- Your task: Once the line with "X0000084050688200703092053" is found, write it out along with each later line exactly, through the end of the entries, skipping every picture.
(Records for this task)
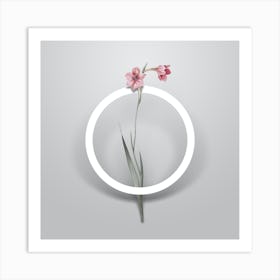 Vintage Sword Lily Minimalist Flower Geometric Circle on Soft Gray n.0031 Art Print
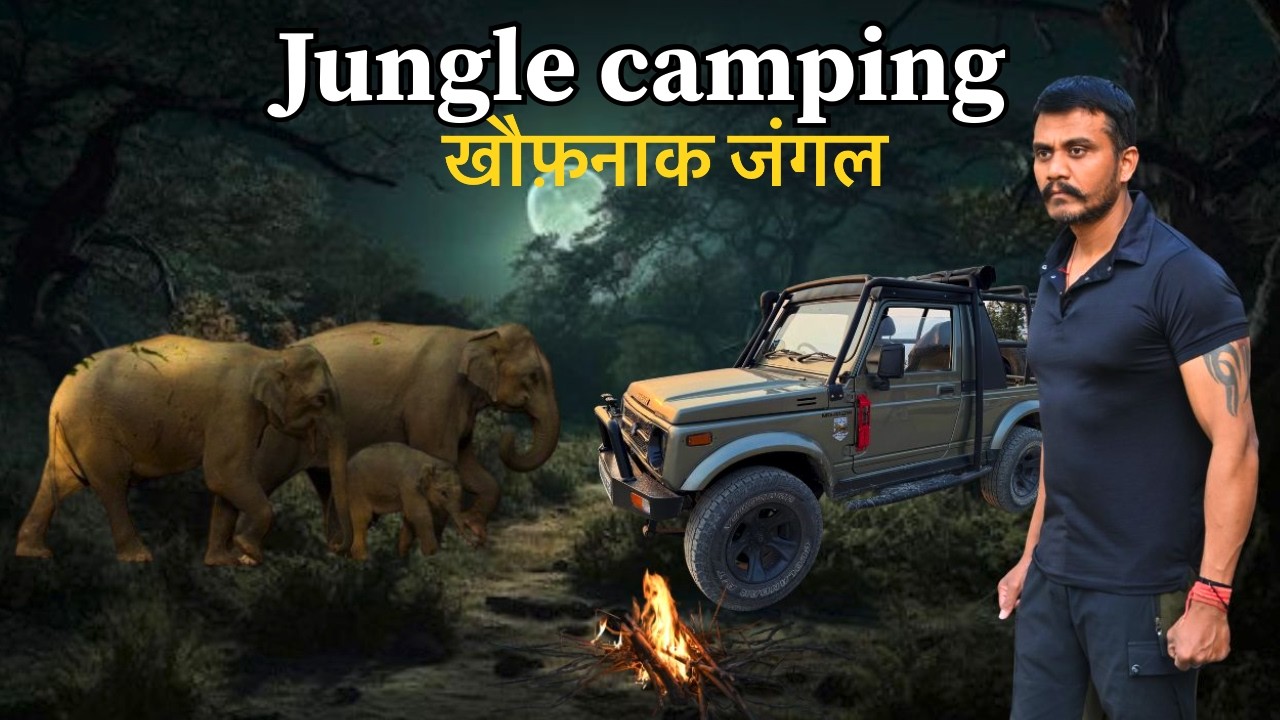 Jungle camping  | khatarnak jungle | Elephant Encounter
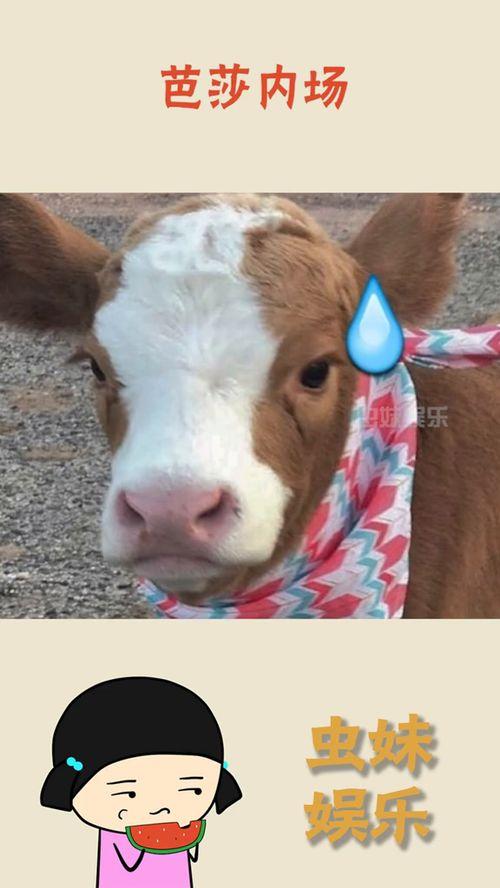 抖音宝宝吃瓜,宝宝欢乐吃瓜瞬间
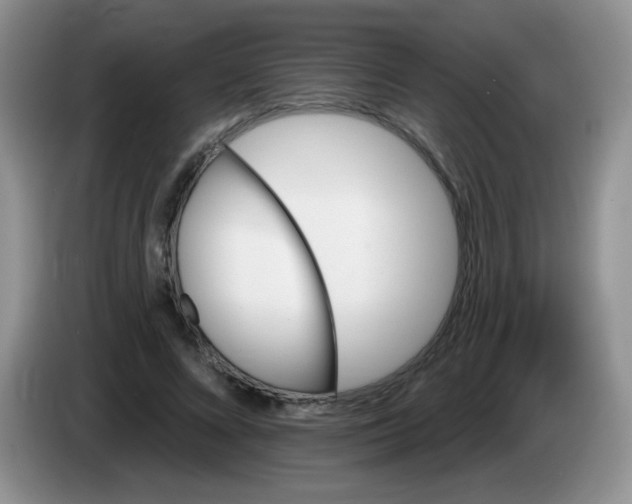 X0000084050688200703092053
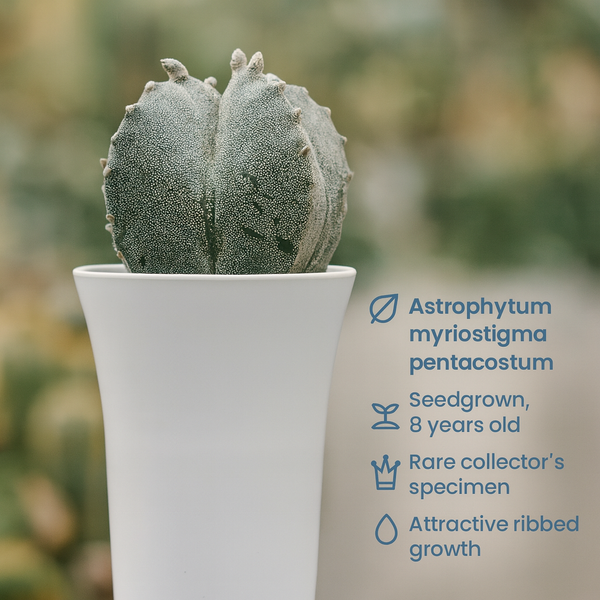 Astrophytum myriostigma pentacostum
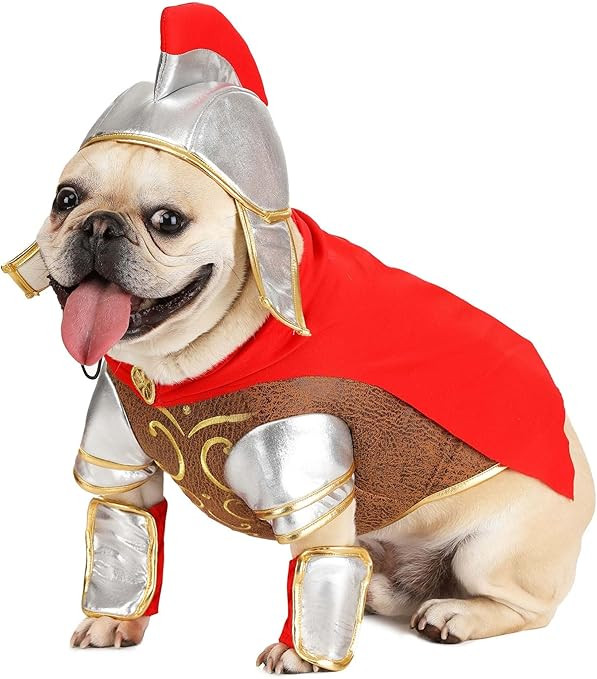 Fun Costumes Greek Medieval Dog Costume Armor Faux Leather Warrior Outfit for Pets Halloween Cosp... | Amazon (US)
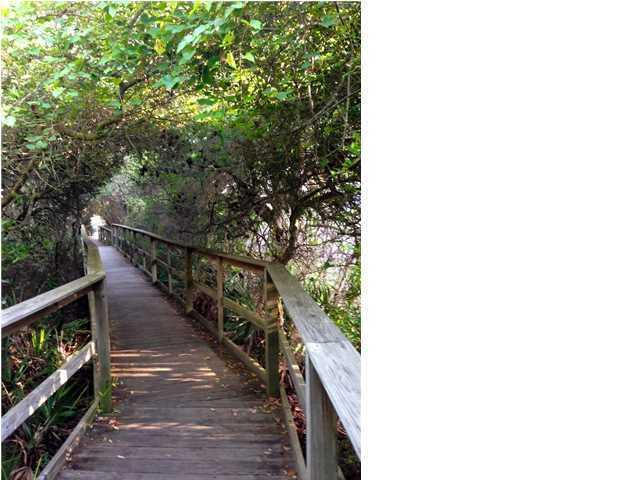 Board walk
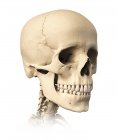 Боковой вид анатомии черепа человека изолирован на белом фоне — стоковое фото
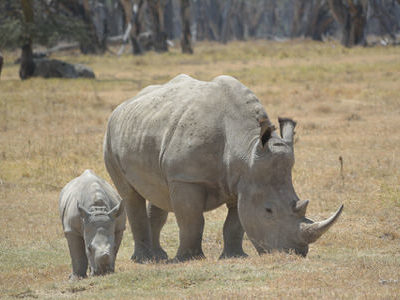 lake nakuru 2 Lake Nakuru National Park Birding Tour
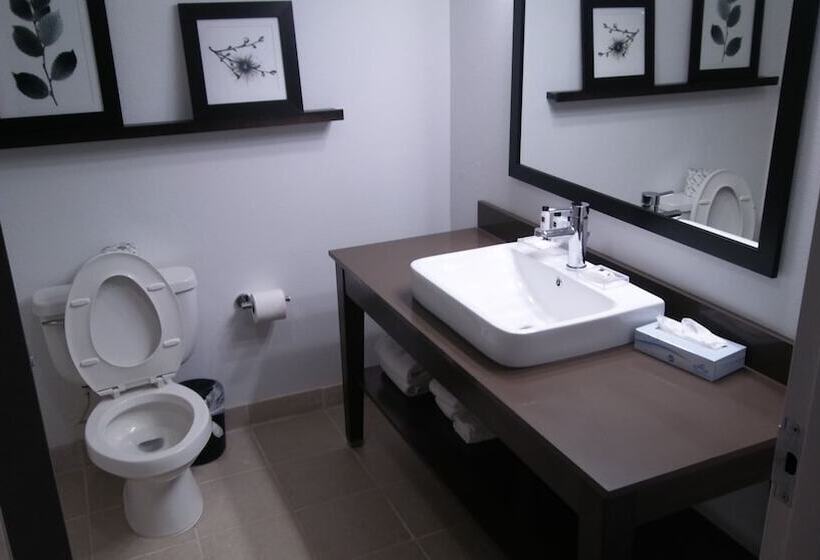 فندق Country Inn & Suites By Radisson, Roanoke, Va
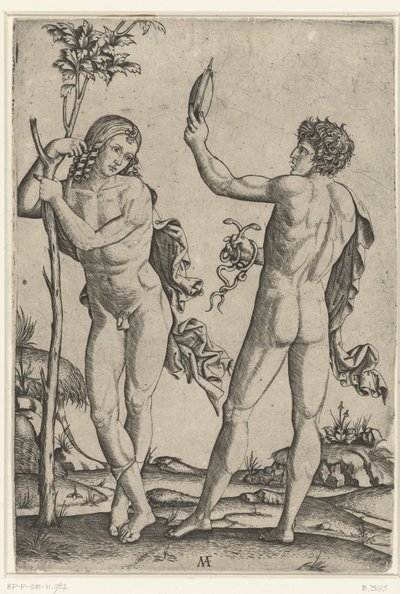 Nackter Mann, der sich gegen einen Baum lehnt, und nackter Mann mit Spiegel und zwei Schlangen von Marcantonio Raimondi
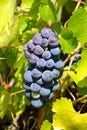 Fresh grapes in the wineyard Royalty Free Stock Photo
(End Records for this task)
- Task solution:
 X0000084050688200703092053
 Astrophytum myriostigma pentacostum
 Fun Costumes Greek Medieval Dog Costume Armor Faux Leather Warrior Outfit for Pets Halloween Cosp... | Amazon (US)
 Board walk
 Боковой вид анатомии черепа человека изолирован на белом фоне — стоковое фото
 lake nakuru 2 Lake Nakuru National Park Birding Tour
 فندق Country Inn & Suites By Radisson, Roanoke, Va
 Nackter Mann, der sich gegen einen Baum lehnt, und nackter Mann mit Spiegel und zwei Schlangen von Marcantonio Raimondi
 Fresh grapes in the wineyard Royalty Free Stock Photo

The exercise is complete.